Posted on Monday, February 22nd, 2016 at 1:00 am
A recent Appeals Court decision suggests that the court may be taking a closer look at the Massachusetts Recreational Use State, G.L. c.21, section 17C. The statute, which bars ordinary negligence claims against landowners who allow the public to use their property for recreational purposes “without imposing a charge or fee,” has in recent years been expanded far beyond what the legislature originally intended.
The court in Amaral v Seekonk Grand Prix Corp. rejected a claim by the operator of a go-kart facility that a mother who was injured while watching her sons ride could not recover after being struck by an errant go-kart. The facility had raised the Recreational Use Statute as a defense, claiming that, since it permitted the mother to watch her sons without paying for the privilege, it was not liable for negligence.

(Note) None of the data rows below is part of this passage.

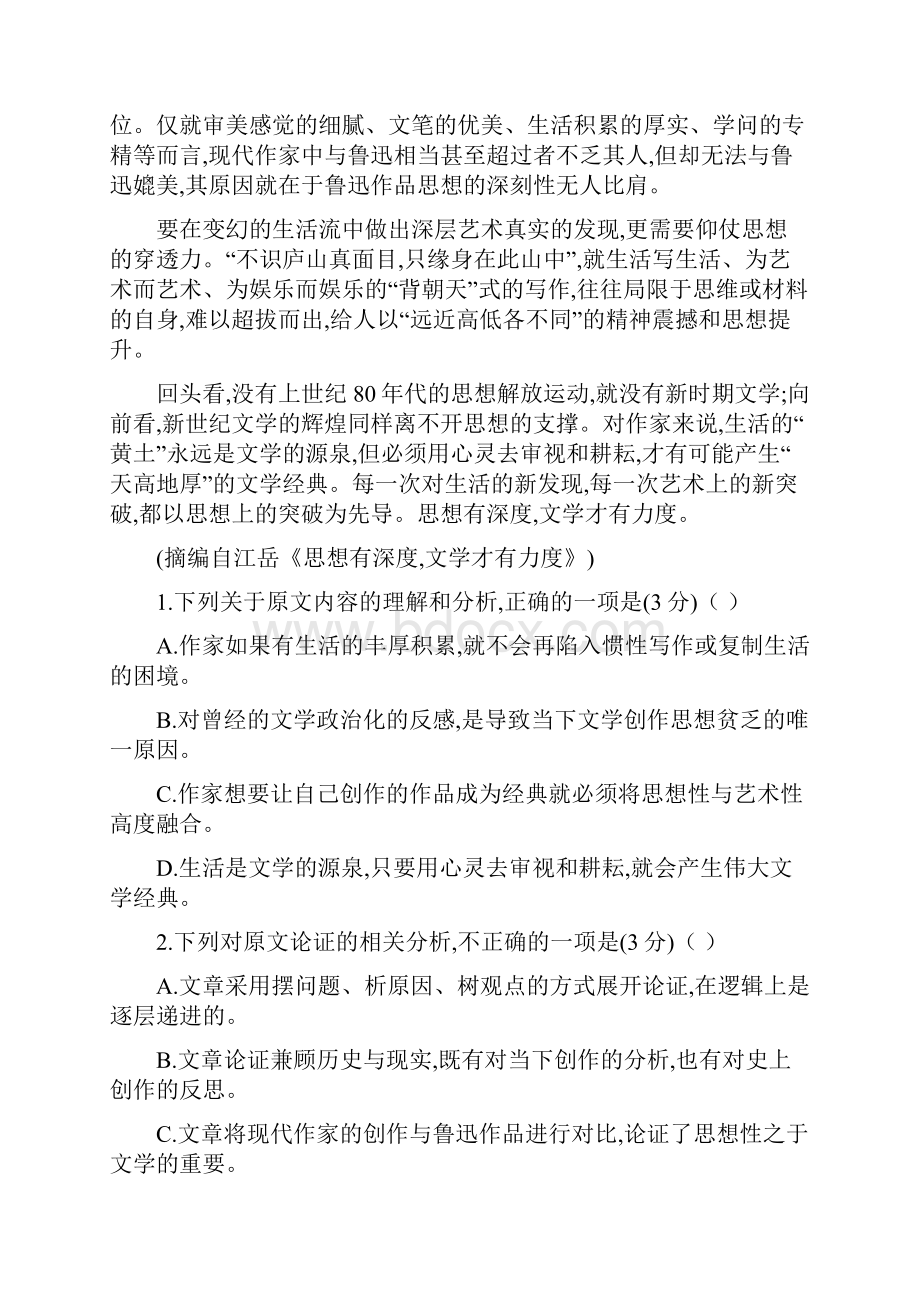 河南省届高三语文月考试题.docx_第2页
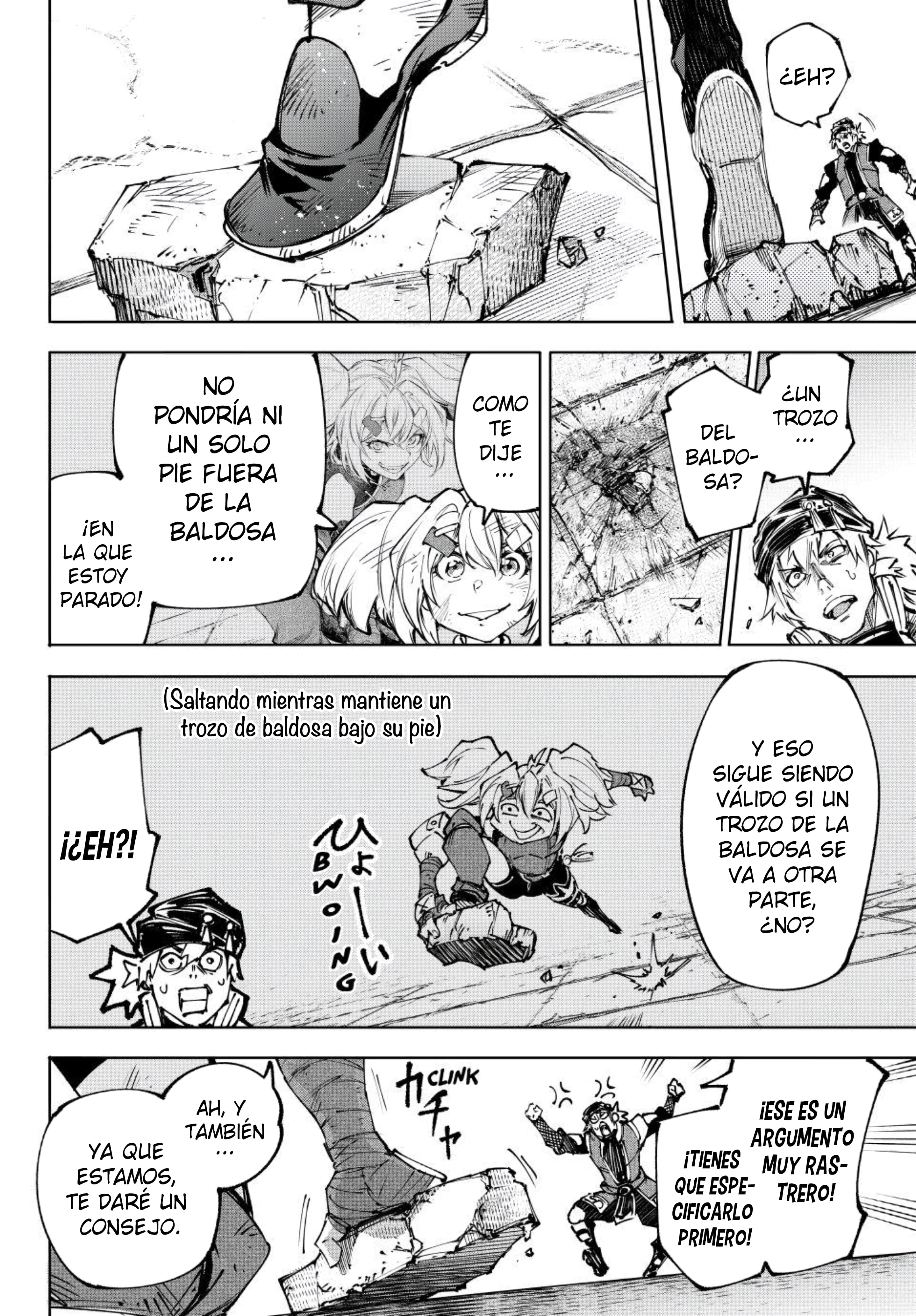 Read Shangri La Frontier ES Manga Online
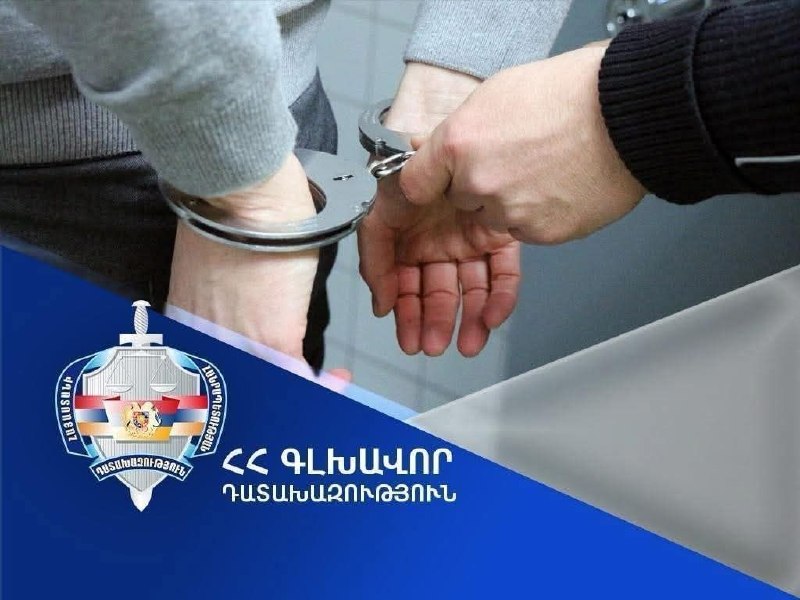 Повестка военного комиссариата Армении, символизирующая призыв на сборы для жителей Спитака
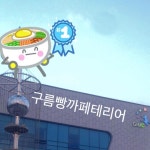 참살이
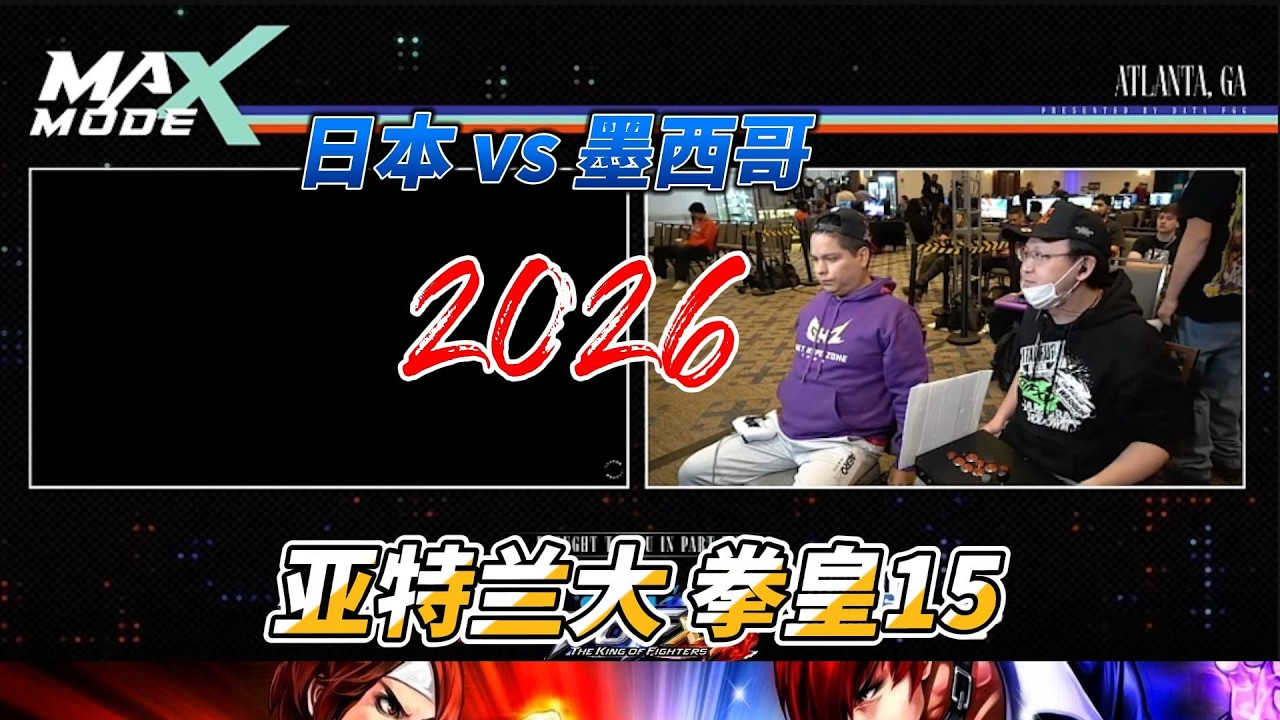 MAX MODE 2026 KOF15:SCORE vs THE GIO #fgc #kofxv #kof15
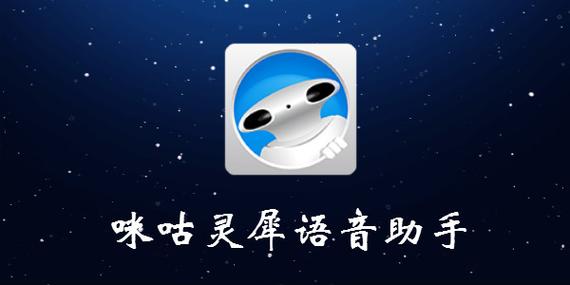 咪咕灵犀旧版本缩略图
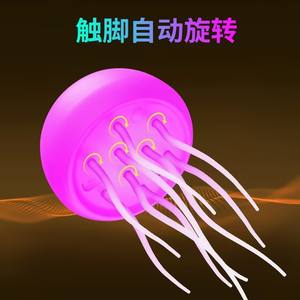 Lámpara de Escritorio Recargable RGB con 7 Colores Cambiantes, Lámpara de Noche LED con Medusas Dinámicas Flotantes para Jardín, Dormitorio o Exteriores - Product Image 3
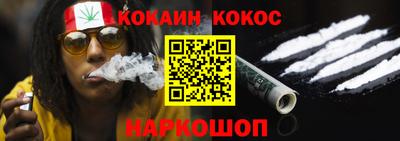 ешки Кумертау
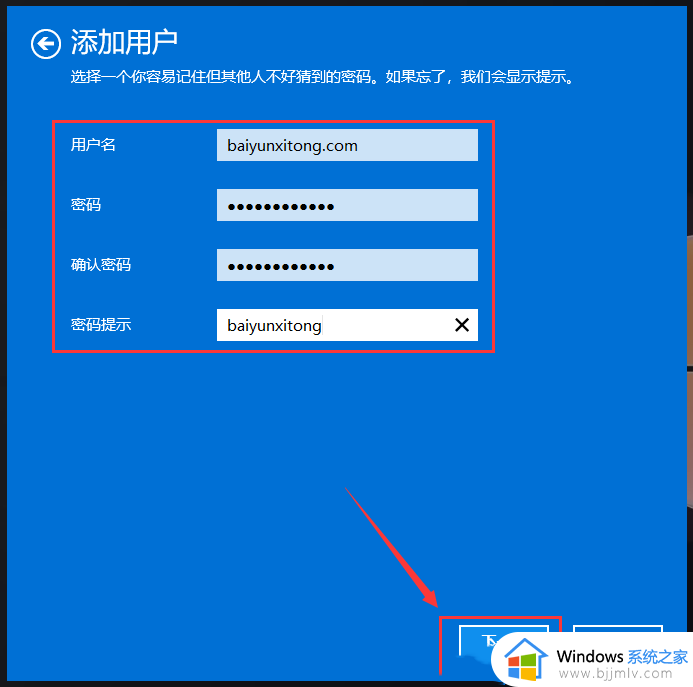 win11怎么添加新用户_win11怎么创建新用户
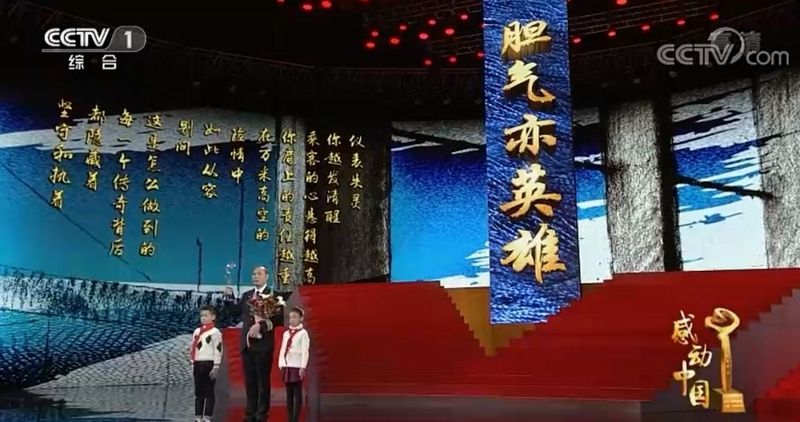 膽氣亦英雄！川航英雄機(jī)長獲“感動(dòng)中國2018年度人物”榮譽(yù)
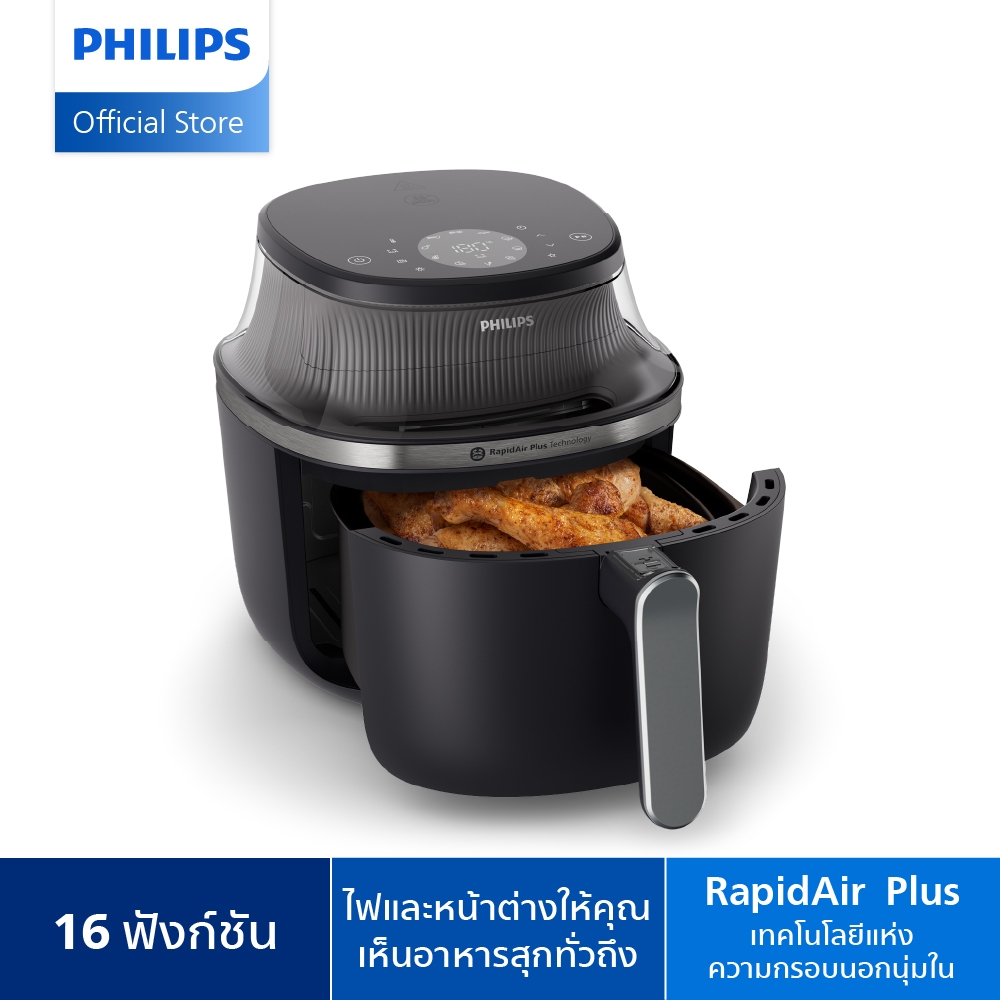 Philips NA331 Air Fryer หม้อทอด ไร้น้ำมัน 6.2L เทคโนโลยี RapidAir 16ฟังก์ชั่นเมนู ลดไขมันสูงสุด 90% รับประกัน 2 ปี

At first blush, this defense seems patently absurd: how could a money-making operation possibly avoid liability to patrons injured through its negligence? How could a statute which was intended to encourage landowners to allow the public to use open space for hiking, horseback riding and similar activities be used to protect a business? Yet, the go-kart operator was able to point to a line of decisions in which spectators at an event for which admission was not charged could not recover for negligence. And the Superior Court judge who heard the motion for summary judgment agreed.
Fortunately, common sense prevailed in the Appeals Court. The court reversed the grant of summary judgment, noting that the plaintiff had purchased admission tickets for her sons to ride the go-karts. The court noted that “Grand Prix could fully anticipate that a parent accompanying minor children and paying a fee on their behalf would qualify as a paying customer under the statute.” Because the plaintiff had paid a fee “for her particular use of the land,” her claim was not barred.
The decision still doesn’t go as far as many victims would hope–and there was a much easier way for the court to get there. The statute does not require that the individual user pay a fee, but merely that the landowner allow recreational use by the public “without imposing a charge or fee.” The plain language of the statute would seem to exempt commercial money-making endeavors from its scope.